**Task description**
Please restate the records below word for word, leaving out every picture.

**Data for this task**
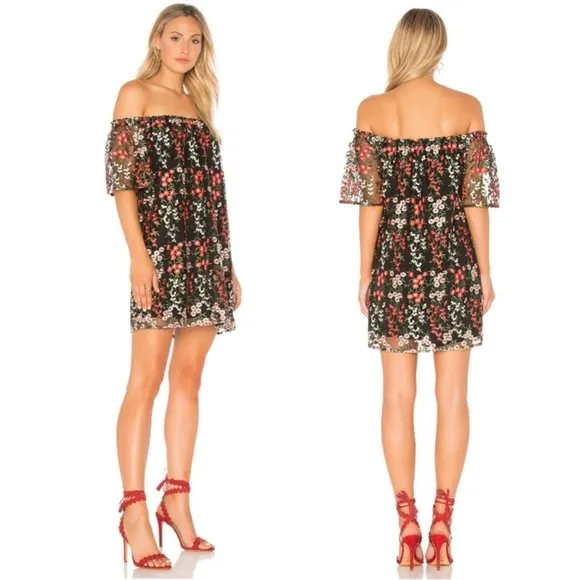 BB Dakota Gates Floral Embroidered Off-the-Shoulder Mini Dress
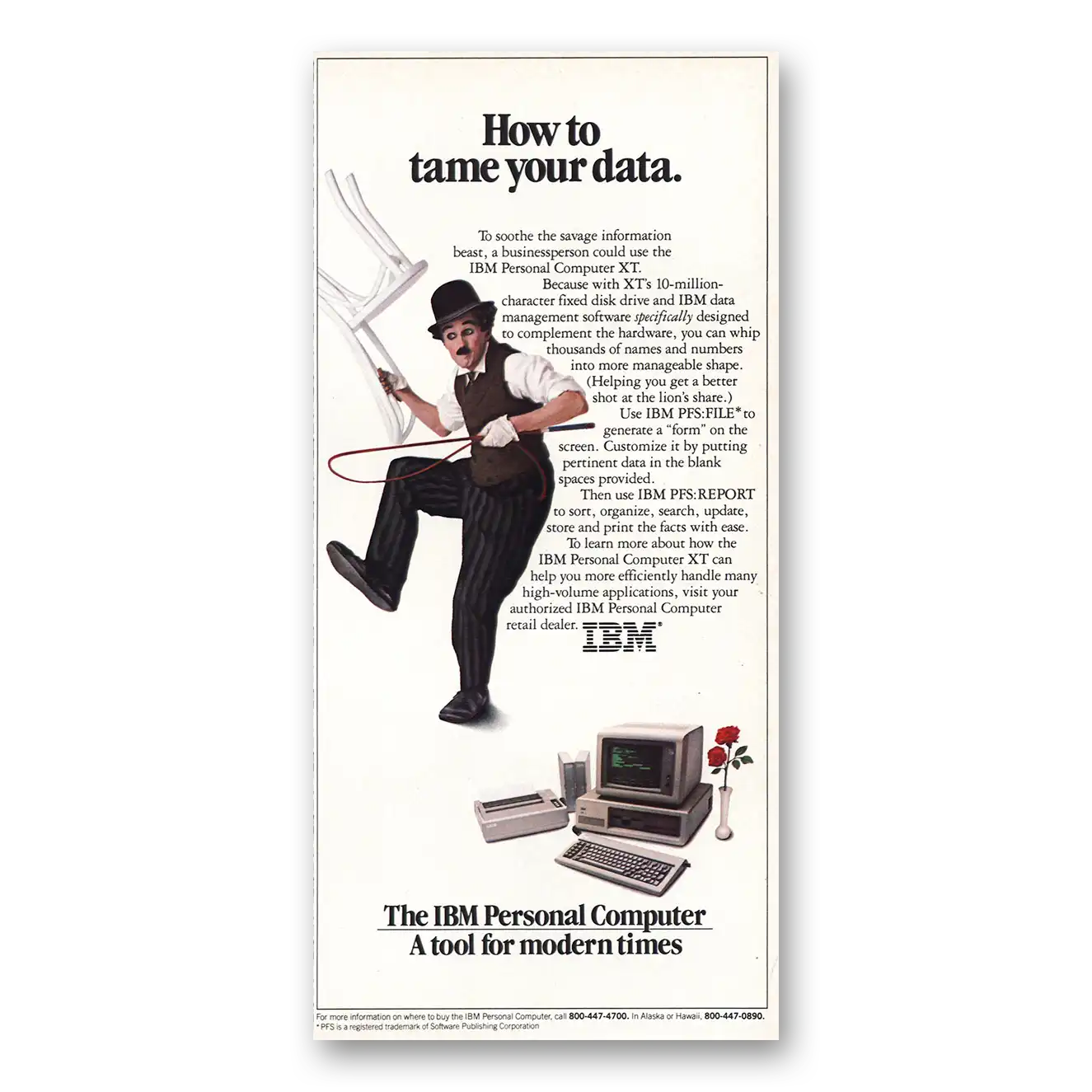 1983 IBM Tame Your Data Vintage Magazine Print Ad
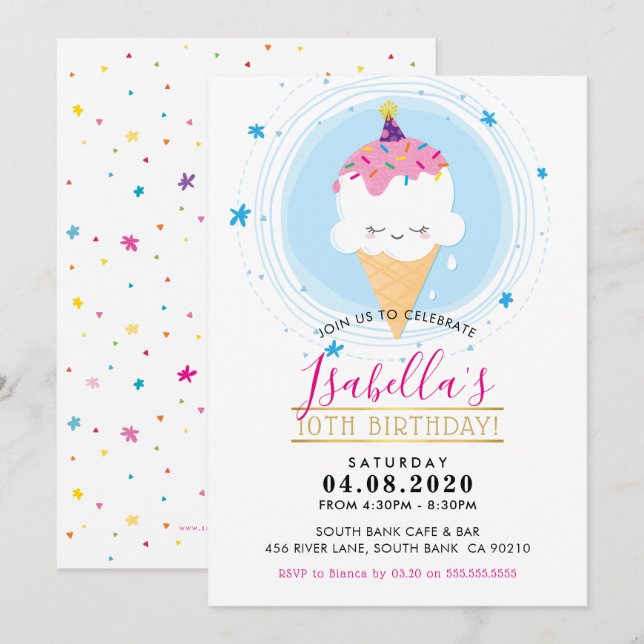 KINDERGEBURTSTAG PARTY INVITE kawaii Eiskronen Einladung (Vorne/Hinten)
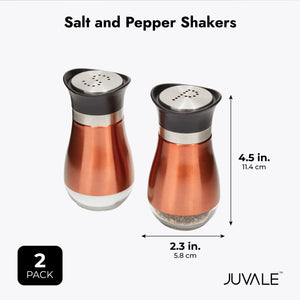 Stainless Steel Copper Salt and Pepper Shakers Set with Glass Bottom, Screw-Off Caps, Perforated "S" and "P" Designs for Kitchen (4oz)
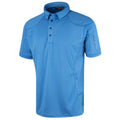 Sky Azure - Front - Island Green Mens Topstitched Golf Polo Shirt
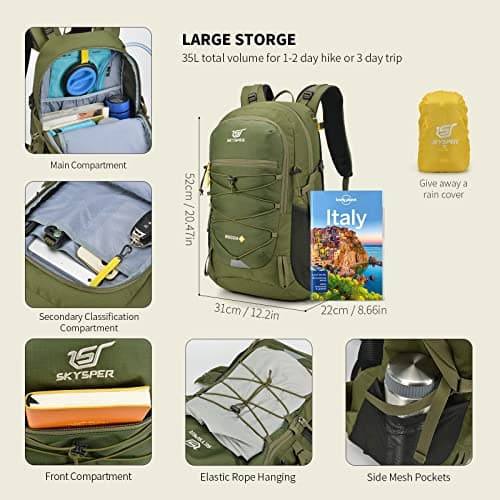 SKYSPER Rucksack 35L Hiking Backpack, Lightweight Travel Backpack Camping Trekking Backpack for Men Women — view 6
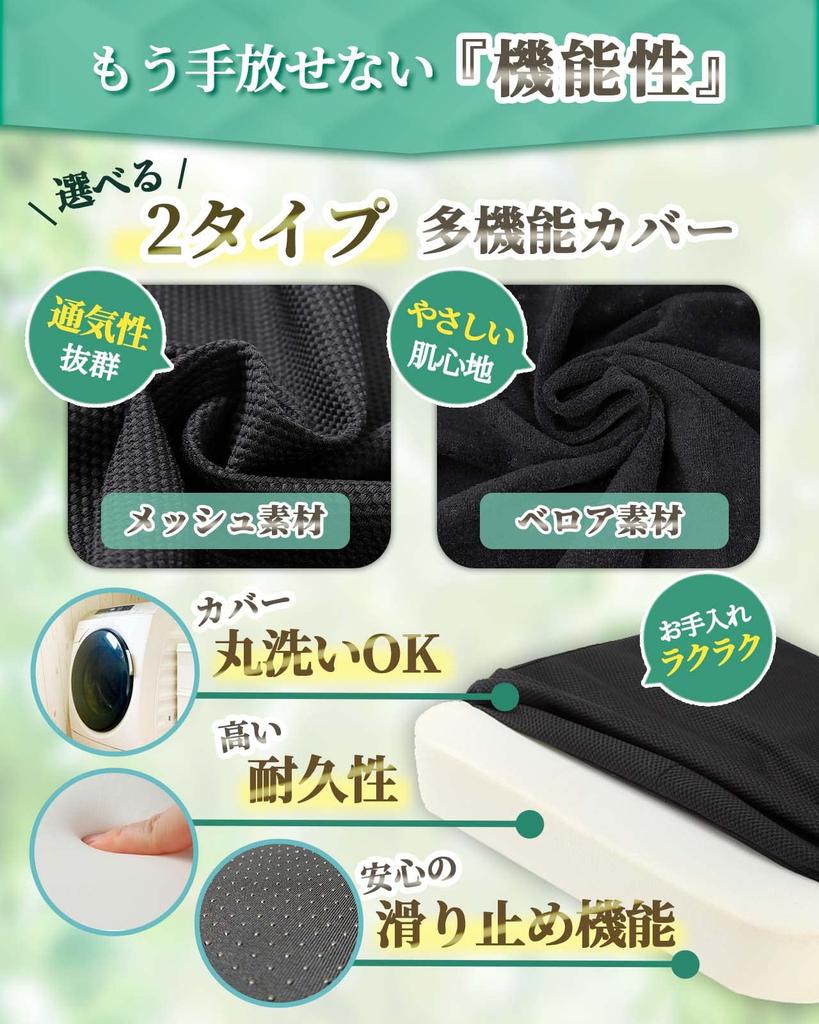 HeartFit Wheelchair Cushion Bottom Nursing Care Product (PRENSO) [No Pain] Non-Slip (1 [Mesh Material] Black)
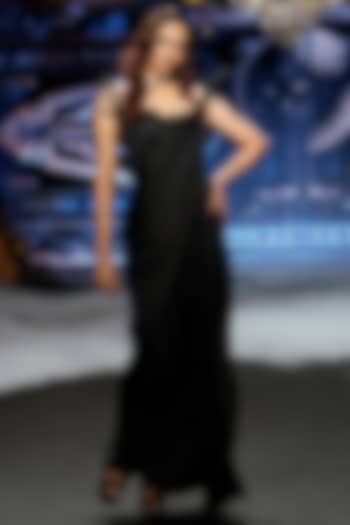 Black Satin Sequins Embellished Wedding Gown Saree by Neeta Lulla at Pernia's Pop Up Shop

**Reply to the exercise**
 BB Dakota Gates Floral Embroidered Off-the-Shoulder Mini Dress
 1983 IBM Tame Your Data Vintage Magazine Print Ad
 KINDERGEBURTSTAG PARTY INVITE kawaii Eiskronen Einladung (Vorne/Hinten)
 Stainless Steel Copper Salt and Pepper Shakers Set with Glass Bottom, Screw-Off Caps, Perforated "S" and "P" Designs for Kitchen (4oz)
 Sky Azure - Front - Island Green Mens Topstitched Golf Polo Shirt
 SKYSPER Rucksack 35L Hiking Backpack, Lightweight Travel Backpack Camping Trekking Backpack for Men Women — view 6
 HeartFit Wheelchair Cushion Bottom Nursing Care Product (PRENSO) [No Pain] Non-Slip (1 [Mesh Material] Black)
 Black Satin Sequins Embellished Wedding Gown Saree by Neeta Lulla at Pernia's Pop Up Shop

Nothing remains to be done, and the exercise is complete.